My great grandmother on my dad's side had seven daughters and seven sons. Her dying wish was that the family not drift apart. As a result, every year there was a Gathering Of The Tribes where far-flung 'bl00s would gather their Winnebagos in Claunch, New Mexico to eat fried catfish. Do me a solid and look up Claunch, NM in Google Maps. Check it out in satellite view for full effect. Know that if you water a tree with the well water there it'll die... and the only water is well water. Also know that my father is the first 'bl00 to go to college in that entire extended family tree. ANYWAY

We didn't have to do that much, but we had a mini Gathering of the Tribes at Easter, 4th of July, Thanksgiving and Christmas where my family and my aunt's extended brood would show up at my grandparents' house to eat a dead animal, Stove Top with egg in it and green jello full of carrot shavings.

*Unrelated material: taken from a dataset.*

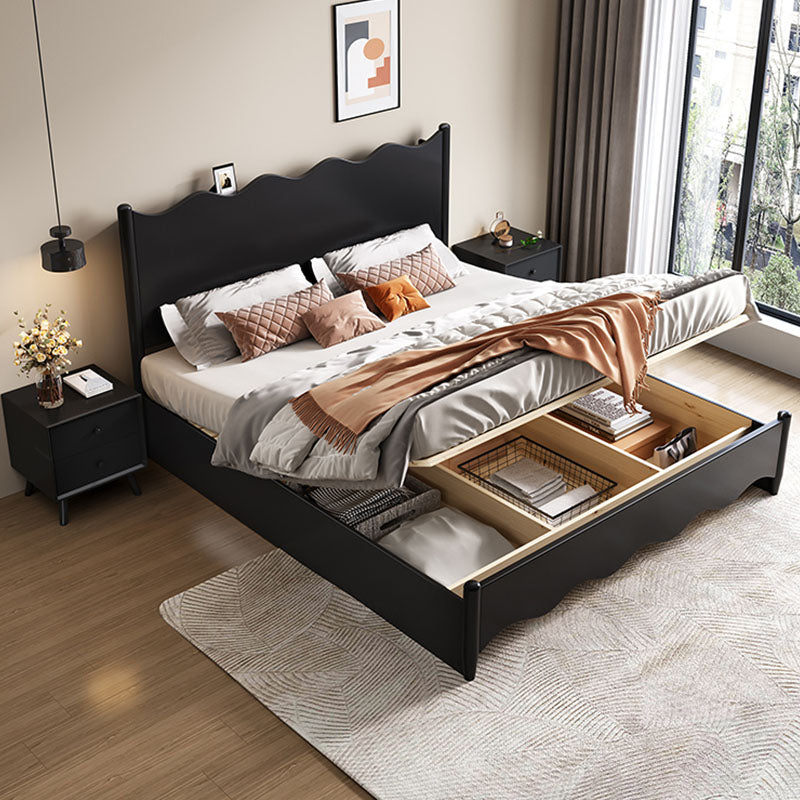 Black upholstered agatha queen size king size super king size storage bed with curved headboard and built-in compartments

My mother, in protest, would always drag her feet so that we would show up two hours after the meal was served with a veggie tray that nobody wanted.

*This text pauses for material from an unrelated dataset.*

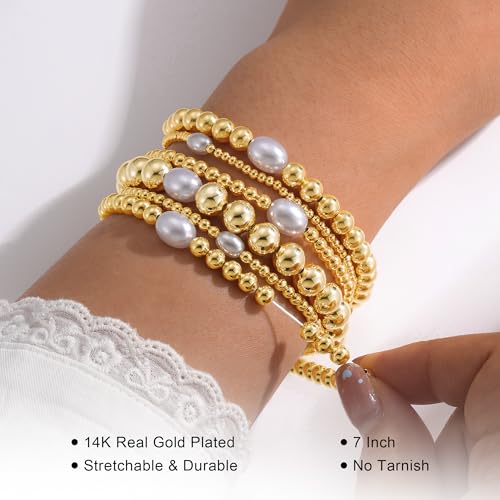 M MOOHAM Gold Beaded Bracelets for Women - 14k Real Gold Plated Beaded Pearl Bracelet Set Stack for Women Trendy Non Tarnisn, Adjustable Stretch Bracelet Jewelry Gifts for Teen Girls Women 6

Easter was particularly weird because my cousins babysat me and my sister, while I babysat my cousin's kids. There were four of them less than five years apart, but the youngest was six years older than me. My grandparents occupied a walled compound on the Santa Fe Trail just up the road from Chimayo, the inspiration for The Milagro Beanfield War. The easter egg hunt happened in a concrete and rock courtyard surrounded by eight feet of gray cindeblock with a small patch of lawn and a giant satellite dish.

And strawberry plants. Strawberry plants that never bore fruit.

So it was pretty much up to me and my sister to provide the "entertainment" of easter, at least until my cousins started popping out kids. We didn't hunt for eggs, we didn't hunt for candy. We hunted for fossils that had been candy when my cousins were our age:

You see, they were individually wrapped. And they were like a jellybean coating with marshmallow on the inside. Or, they had been when my cousin Larry was a kid. Back when my grandmother had somehow secured a deal on the free world supply of the horrible things. Because they never, ever stopped.

Larry graduated high school when I was in first grade.

So it didn't really matter whether we found everything or not. And the hiders would often find eggs that had been left there years before, and just let them be... someone would find them eventually. Cruellest of ironies, once my cousins' kids were ambulatory my cousins took it upon themselves to resupply my grandmother's candy horde with treats that post-dated the fall of Saigon. So those ungrateful little shits never had to smile around fuckin' petrified marshmallow with a belly full of lime and carrot jello. By the time I had a taste of a Brach's Candy Egg the way Papa Brach intended it to be eaten I was well past the joy of finding one hidden behind the slew motor of a K-band satellite dish. So I hid them for my little cousins, ungrateful little shits that had no idea how good they had it.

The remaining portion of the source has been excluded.